Starting at the line containing "Ripetitore Wi-Fi wireless, amplificatore" and ending at the line containing "cute Mocha Oversized Pullover", transcribe the listing below exactly. Keep both end lines, skip the pictures, and copy nothing else.

### Extracted entries:
◆ ◆ ◆ ◆

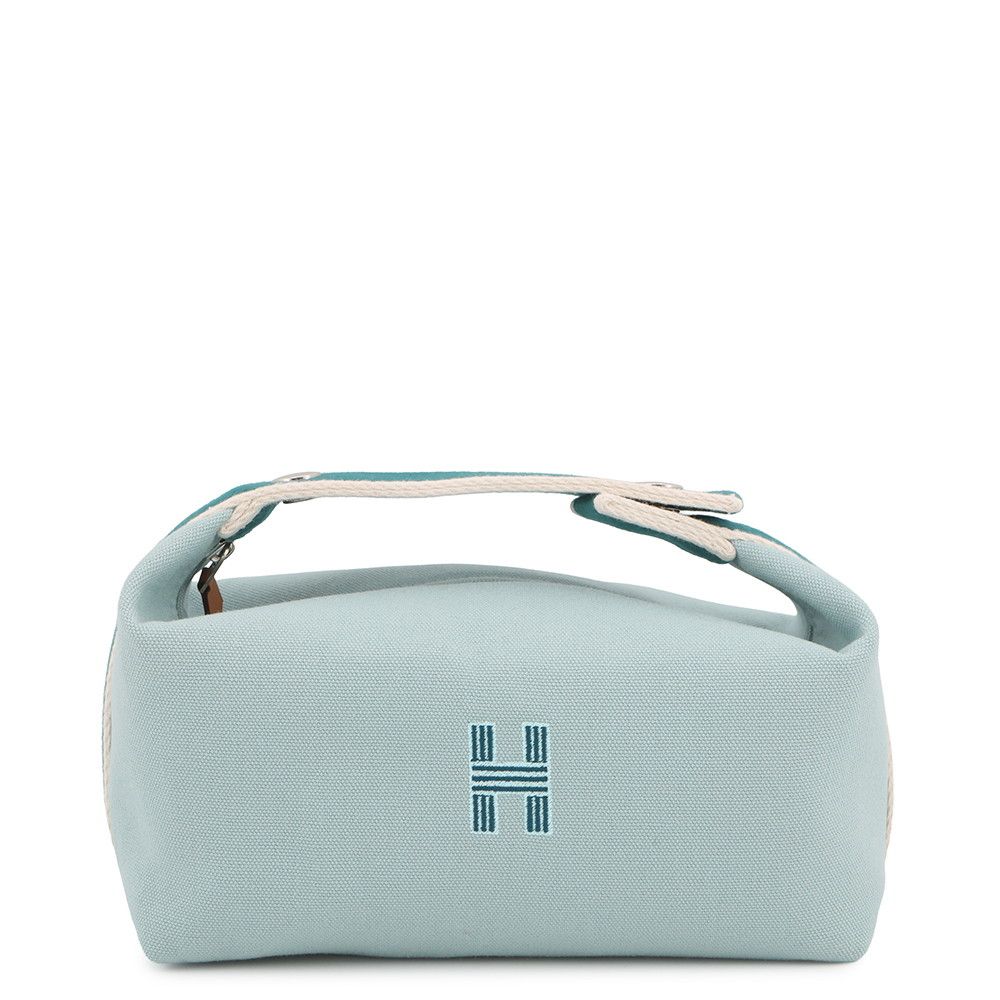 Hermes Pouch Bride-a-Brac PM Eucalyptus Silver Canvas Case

◆ ◆ ◆ ◆

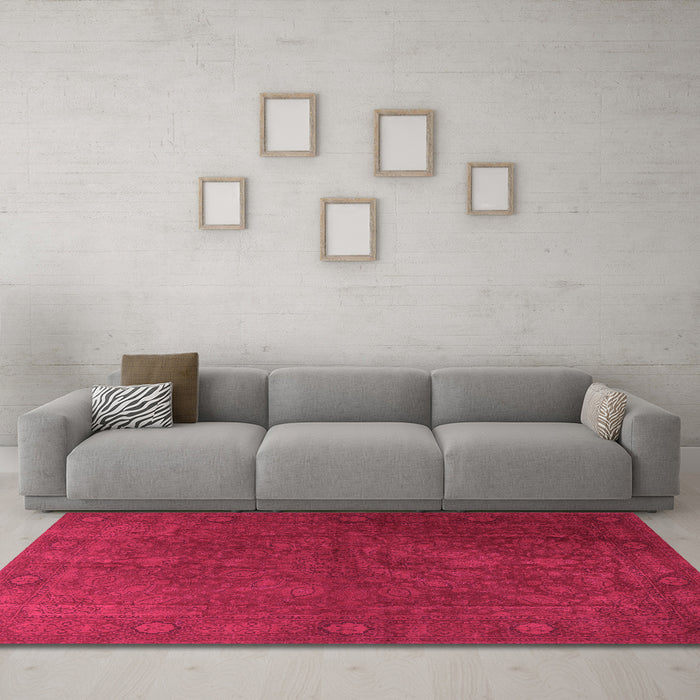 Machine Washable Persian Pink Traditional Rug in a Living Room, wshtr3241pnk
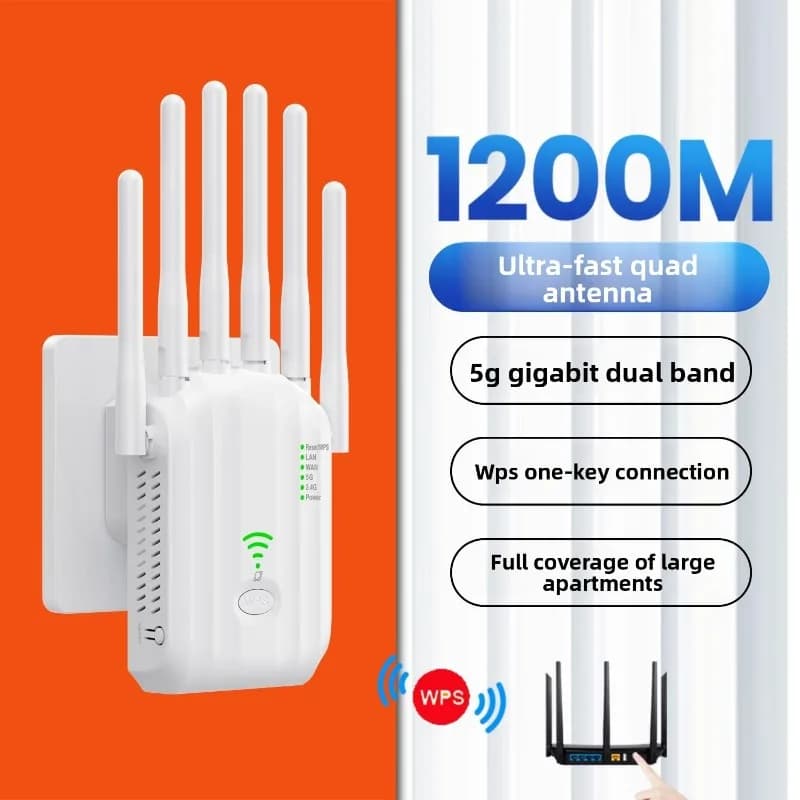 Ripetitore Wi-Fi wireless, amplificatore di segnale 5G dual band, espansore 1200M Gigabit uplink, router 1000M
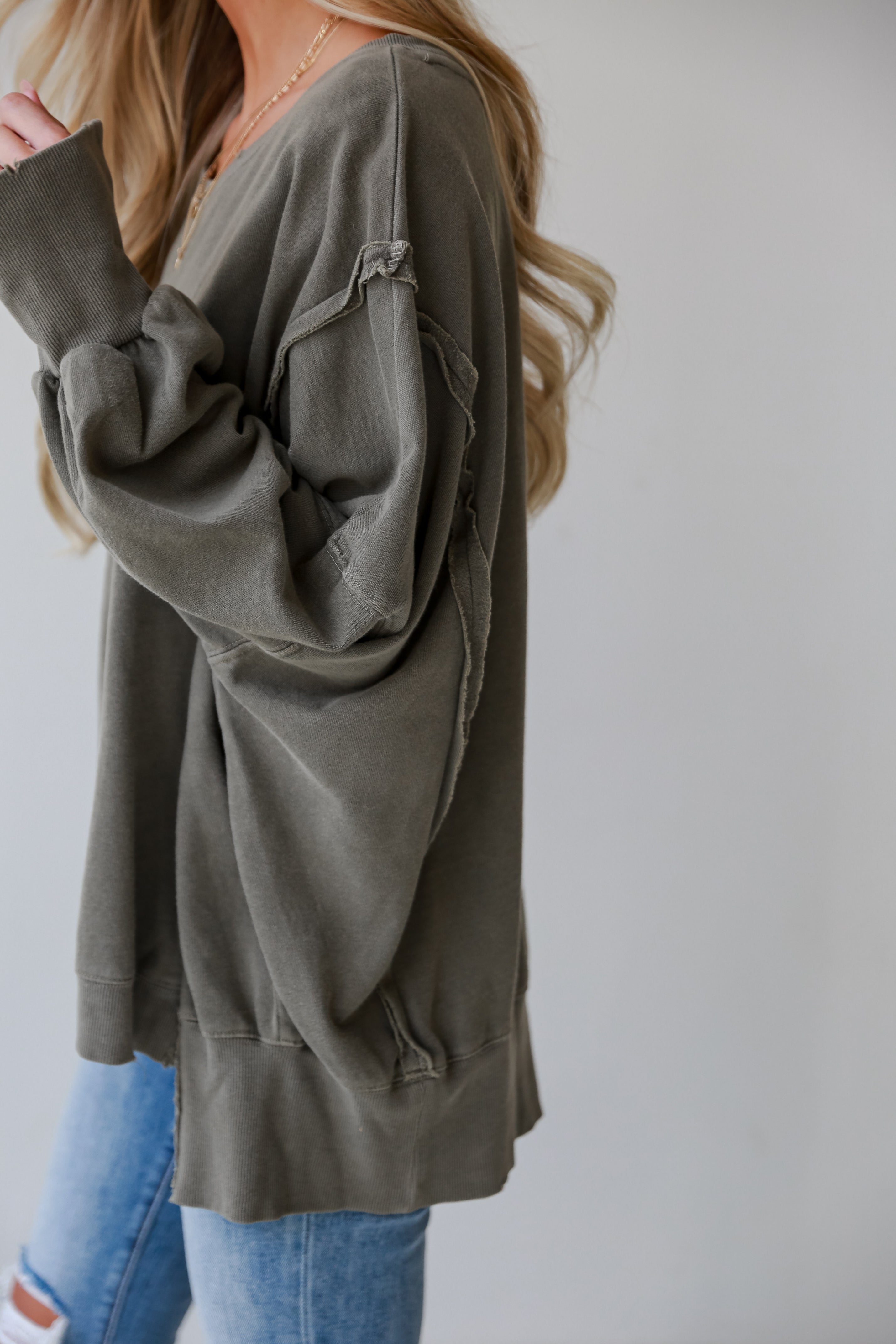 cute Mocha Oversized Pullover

◆ ◆ ◆ ◆

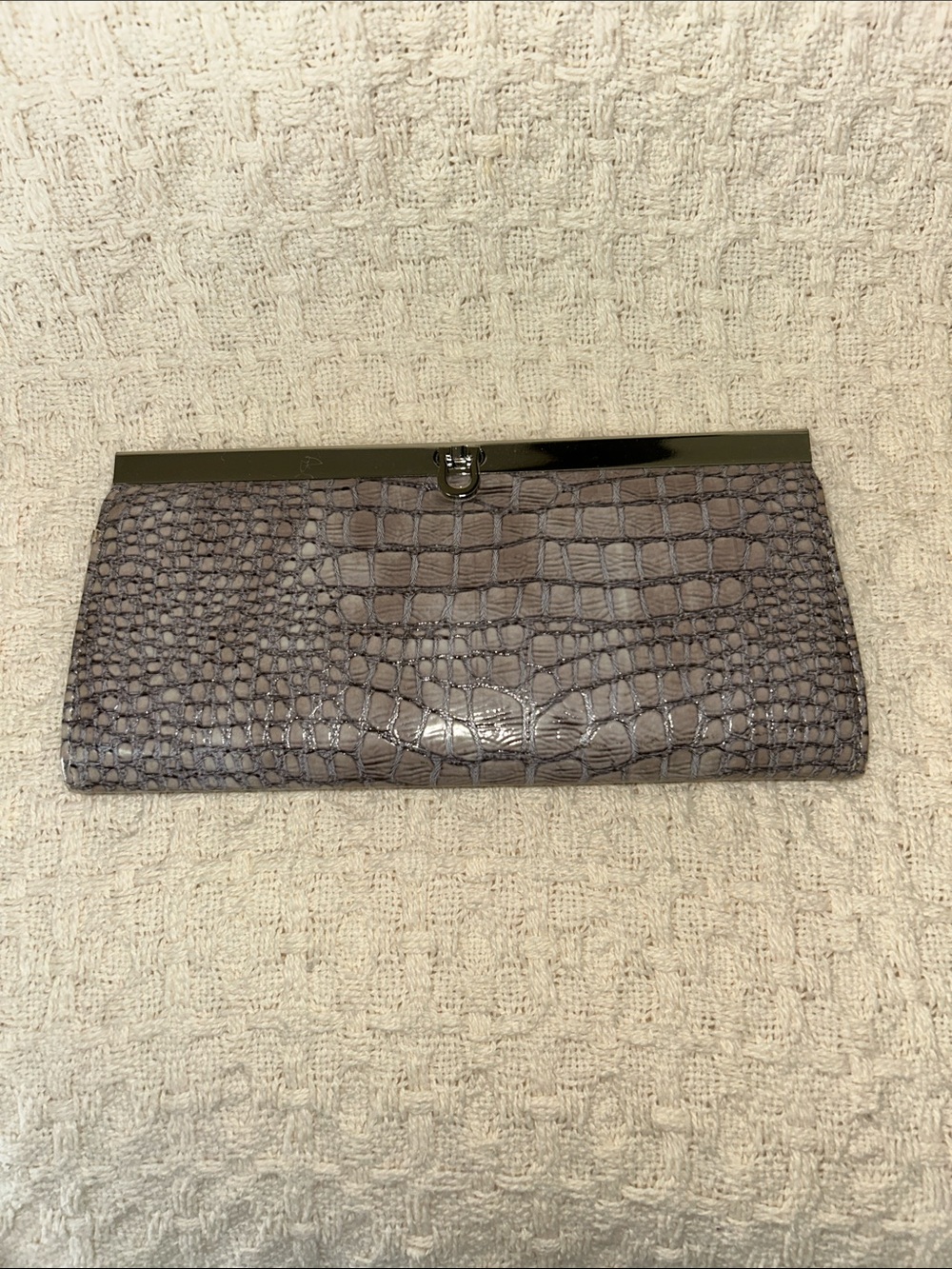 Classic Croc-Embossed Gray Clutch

◆ ◆ ◆ ◆

### Finished task:
 Ripetitore Wi-Fi wireless, amplificatore di segnale 5G dual band, espansore 1200M Gigabit uplink, router 1000M
 cute Mocha Oversized Pullover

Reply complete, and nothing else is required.